The IAM Service uses a hierarchical permission model:

Permission Format: resource:action:scope

Resource: The entity being accessed (e.g., users, products, orders)
Action: The operation being performed (e.g., read, create, update, delete)
Scope: The access boundary (e.g., own, team, all)

Examples:

users:read:all - Read all users
users:update:own - Update own user profile
products:create:team - Create products for team
orders:delete:all - Delete any order (admin)

Authorization Hierarchy

1. Direct User Permissions (HIGHEST PRIORITY)
   ↓ (if not found or not denied)
2. Role Permissions
   ↓ (if not found)
3. Group Permissions
   ↓ (if not found)
4. ABAC Policies (evaluated by priority)
   ↓ (if no policies match)
5. Default Deny (LOWEST PRIORITY)

RBAC (Role-Based Access Control)

graph LR
    User[User] --> UserRole1[UserRole]
    User --> UserRole2[UserRole]
    User --> UserPerm[UserPermission<br/>Direct Override]

    UserRole1 --> Role1[ADMIN Role]
    UserRole2 --> Role2[MANAGER Role]

    Role1 --> RolePerm1[RolePermission]
    Role1 --> RolePerm2[RolePermission]
    Role2 --> RolePerm3[RolePermission]

    RolePerm1 --> Perm1[users:*:all]
    RolePerm2 --> Perm2[products:*:all]
    RolePerm3 --> Perm3[orders:read:team]

    UserPerm --> Perm4[analytics:read:all]

    Group[Group] --> GroupMember[GroupMember]
    GroupMember --> User
    Group --> GroupPerm[GroupPermission]
    GroupPerm --> Perm5[reports:read:all]

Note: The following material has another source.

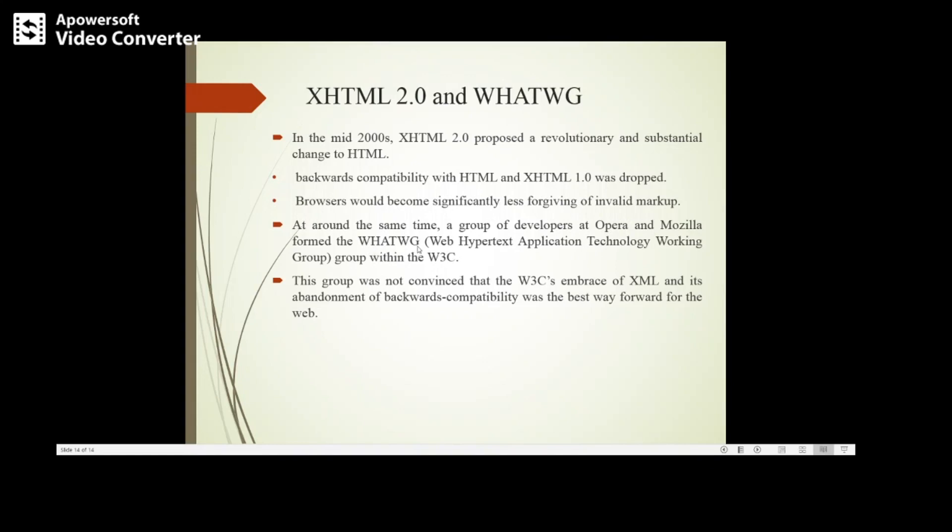WHATWG means Web Hypertext Application Technology Working Group. This group was not convinced that the W3C's embrace of XML and its abandonment of backwards compatibility was the best way forward.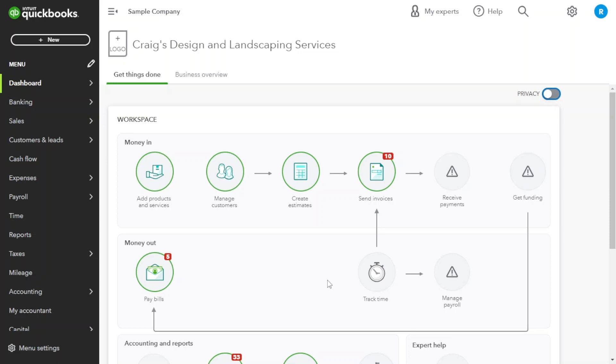QuickBooks makes it incredibly easy to create a new project. Let's go through the process together. From the main dashboard, navigate to the gear icon and then under tools, click on budgeting.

    style User fill:#e1f5fe
    style Role1 fill:#f3e5f5
    style Role2 fill:#f3e5f5
    style Group fill:#e8f5e9
    style Perm1 fill:#fff3e0
    style Perm2 fill:#fff3e0
    style Perm3 fill:#fff3e0
    style Perm4 fill:#ffccbc
    style Perm5 fill:#c8e6c9

Features:

Multiple roles per user
Temporary role assignments with expiration
Direct user permissions (can override roles)
Group-based permissions
Permission caching (5 minutes TTL)

ABAC (Attribute-Based Access Control)

graph TD
    Request[Access Request] --> PolicyEngine[Policy Engine]

    PolicyEngine --> LoadPolicies[Load Policies<br/>for Resource]
    LoadPolicies --> SortPolicies[Sort by Priority<br/>Descending]

    SortPolicies --> EvaluatePolicy[Evaluate Policy<br/>Conditions]

    EvaluatePolicy --> TimeCondition{Time-based<br/>Condition?}
    EvaluatePolicy --> LocationCondition{Location-based<br/>Condition?}
    EvaluatePolicy --> AttributeCondition{Attribute-based<br/>Condition?}

    TimeCondition --> CheckTime[Check current time<br/>vs allowed hours]
    LocationCondition --> CheckIP[Check IP address<br/>vs allowed ranges]
    AttributeCondition --> CheckAttrs[Check user attributes<br/>vs required values]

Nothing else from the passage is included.